[Start of section]
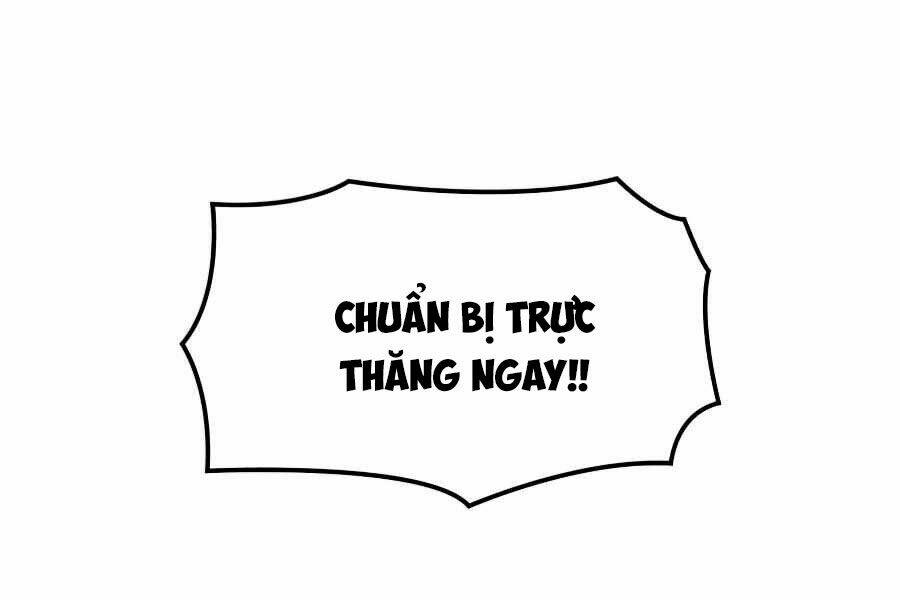 Sự Trở Lại Của Người Chơi Cấp Cao Nhất: Chapter 111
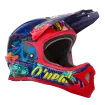 Παιδικό κράνος ποδηλασίας O'NEAL SONUS REX MULTI thumb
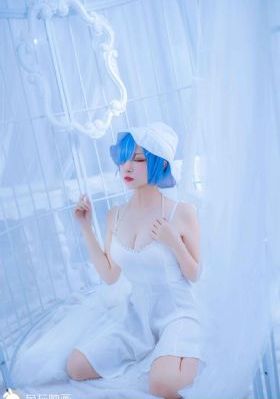 短视频对人们的影响_1080P电影免费在线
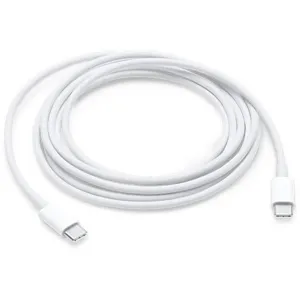USB-C Charge Cable (2m)  pn MLL82AM/A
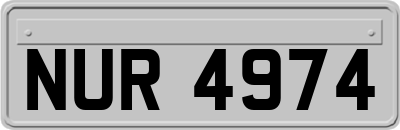 NUR4974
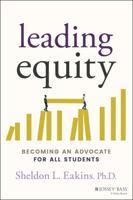 Leading Equity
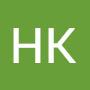 @hkwong162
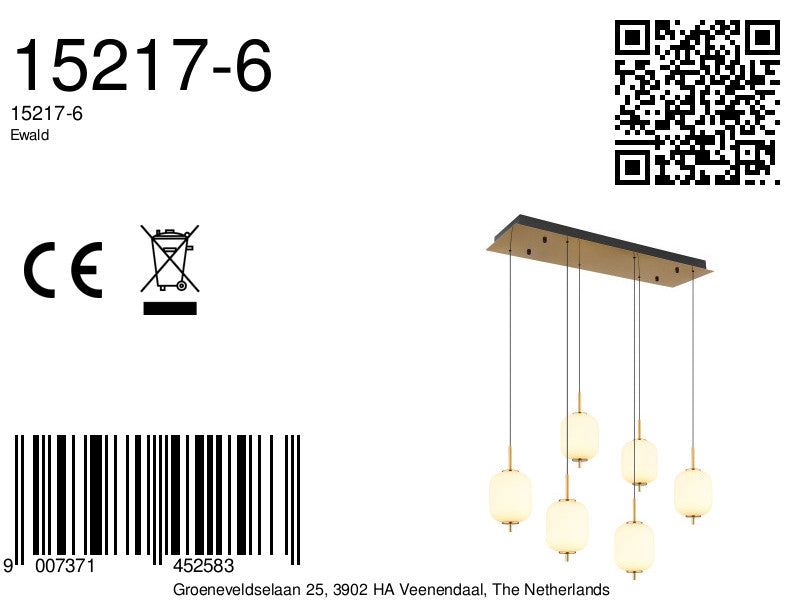 metalen-klassieke-messing-hanglamp-globo-ewald-variant-image8a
[End of section]
▶ Problem
When you reach the line that contains "Παιδικό κράνος ποδηλασίας" in the records above, copy it and every line after it exactly through the last one, leaving out the pictures.

▶ Your solution
 Παιδικό κράνος ποδηλασίας O'NEAL SONUS REX MULTI thumb
 短视频对人们的影响_1080P电影免费在线
USB-C Charge Cable (2m)  pn MLL82AM/A
 NUR4974
 Leading Equity
 @hkwong162
 metalen-klassieke-messing-hanglamp-globo-ewald-variant-image8a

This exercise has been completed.